As horas e os dias de Ponciano

       
Num marco de início e fim, diluídos na imprecisão temporal, estão compreendidas as peripécias que, numerosas, colmaram a vida de Ponciano de Azeredo Furtado. No relato que delas faz, nada diz de seu nascimento, só menciona ter perdido pai e mãe no gosto do primeiro leite e que sob o capotão do avô passou os dias de menino pequeno; sua morte é referida pela agulhada no centro do peito que o fez cair e, escutar, distante, alguém pedindo uma vela, alguém chorando e sentir o sono de paina que lhe fecha os olhos para dar acordo de si, em pé de sonho e cheio de alegria, a galopar em pata de nuvem mais por cima dos arvoredos do que um passarinho. Tudo o que irá contar, no entanto, estará sob a égide do tempo, freqüentemente, sua duração ou transitoriedade, indicado por horas, dias, semanas, meses, anos em notações ora precisas, ora imprecisas.

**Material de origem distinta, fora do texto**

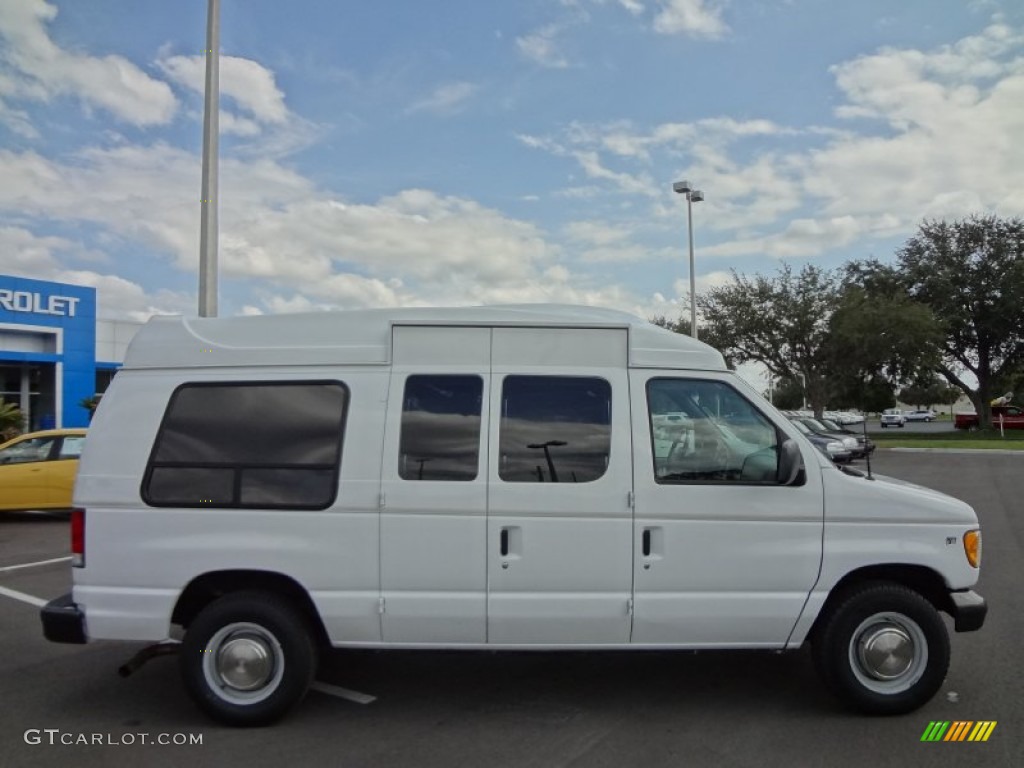 2001 E Series Van E250 Wheelchair Access - Oxford White / Medium Graphite photo #9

            Dadas pelo relógio, apenas as dez horas são exatas. As demais, aparecem nuançadas por diferentes expressões: a tarde devia estar no ponteiro das três, depois das sete, luar das oito horas, como o ponteiro do relógio abeirasse das onze, no bafo do meio-dia, o roçar da meia-noite. A menção ao dia aparece com o cômputo das vinte e quatro horas e, então, marcando um determinado momento: morto o dia, o raiar do dia. Mais especificamente, de manhã, na manhã da eleição. Ou indicando passagem de tempo preciso (no quinto dia, dois dias andados, dois dias adiante, meia dúzia de dias andados, dia e meio, uma braçada de dias, dia todo) ou impreciso (varando os dias, caminhar dos dias) quando, igualmente, é usado o termo madrugada: com a madrugada, toda madrugada, madrugada longe.  Outras vezes, a ação acontece quando o sol se oculta abaixo da linha do horizonte: de noite, na mesma noite, certa noite e, não raro, um adjetivo aponta para o adiantado da hora: noite feita, noite funda, noite cerrada, noite alta. E o tempo compreendido entre o meio-dia e a noite: na tarde, uma tarde, de tarde.

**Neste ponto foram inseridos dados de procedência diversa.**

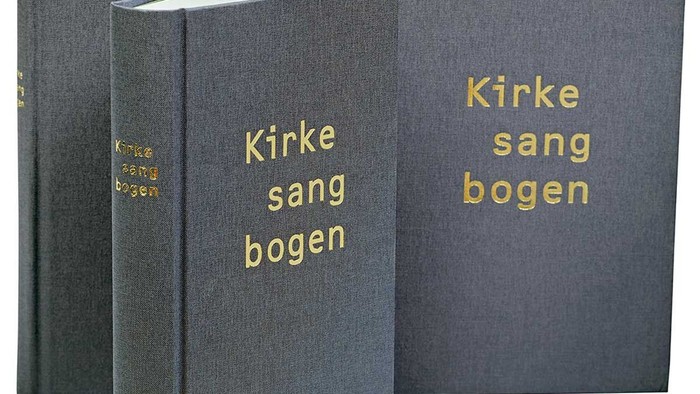 To boghefter med guldtrykte tekster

            Os dias da semana marcam o acontecer de sucessos de relativa importância: numa segunda- feira ficou pronta a decoração de seu escritório na cidade; no sábado, os cochichos sobre a sua valentia diante da onça e, em outros, sua presença no camarote para ver um espetáculo de revista; num domingo, a lembrança do convite recebido para almoçar, a promessa de ir jantar em casa do amigo Fonseca, o ajantarado na casa do então amigo Nogueira e a chegada de seu capataz para pedir ajuda no caso da onça. E fatos que o emocionam: num domingo leva para a estação o seu primo Juca Azeredo e sente um aperto no peito ao saber que seria o padrinho do filho que o primo pretendia ter e que levaria o seu prenome; numa segunda-feira, recebe a afronta de chegar na casa de Nogueira, convidado para jantar e encontrar a casa fechada, os donos ausentes. E no sábado que entrava e saia se esboroavam os seus feitos galantes diante de Isabel Pimenta, a moça pretendida.

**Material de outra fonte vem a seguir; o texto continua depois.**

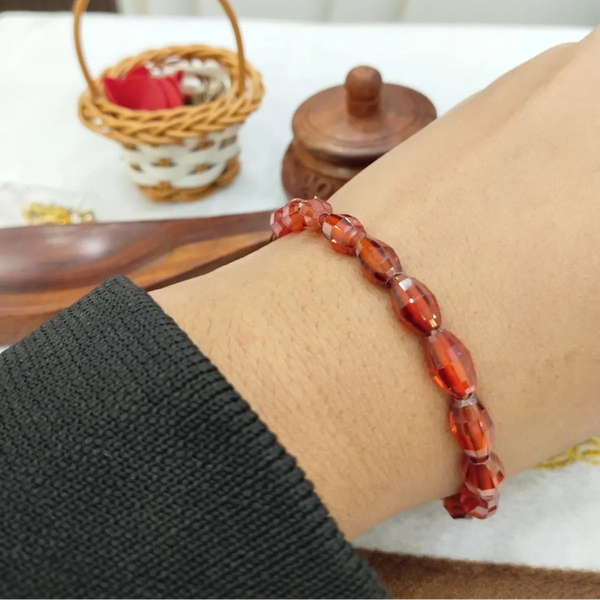 Red Premium Spiritual A Symbol Of Protection Bracelet For Men & Women image 0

            Várias são as expressões relacionadas com o tempo que se apresentam diferenciadas. Quando, por exemplo, a nota temporal se quer definida, mas é enunciada com termos que a deixam imprecisa: dia bem crescido e amamentado, no relógio do luar lembrou que era hora dos gatos. Ou, quando se apresenta em função de algum ruído ou olor: De manhã, na primeira modinha do sabiá laranjeira, a madrugada já estalava nos matos, a canto de galo, as cigarras do meio-dia, o cuca do relógio abriu na algazarra das dez, já o cheiro da madrugada, no cheiro do café, na primeira aragem da manhã. Ou, ainda, quando vinculada a algum fenômeno meteorológico: hora do sol a pino, no orvalho da manhã, no primeiro clarão do sábado, a primeira estrela da noite, no começo das águas, sábado de chuva plantadeira, domingo puxador de vento e nuvem, decaía a tarde e do lado do mar soprava um vento invernoso que limpava o céu de tudo que era passarinho.

            Entremeadas de “achados estilísticos”, elas reafirmam o cenário ficcional e contribuem para o esboço do personagem-narrador, eixo do romance. No serpentear das ações e no tecer dos sentimentos, esse minucioso registro temporal de O Coronel e o Lobisomem privilegia detalhes sem que por tal razão se esmoreça o ritmo da narrativa que José Cândido de Carvalho sabe reger muito bem. Tanto quanto todas as demais astúcias e sapiências para atingir a perfeição do relato.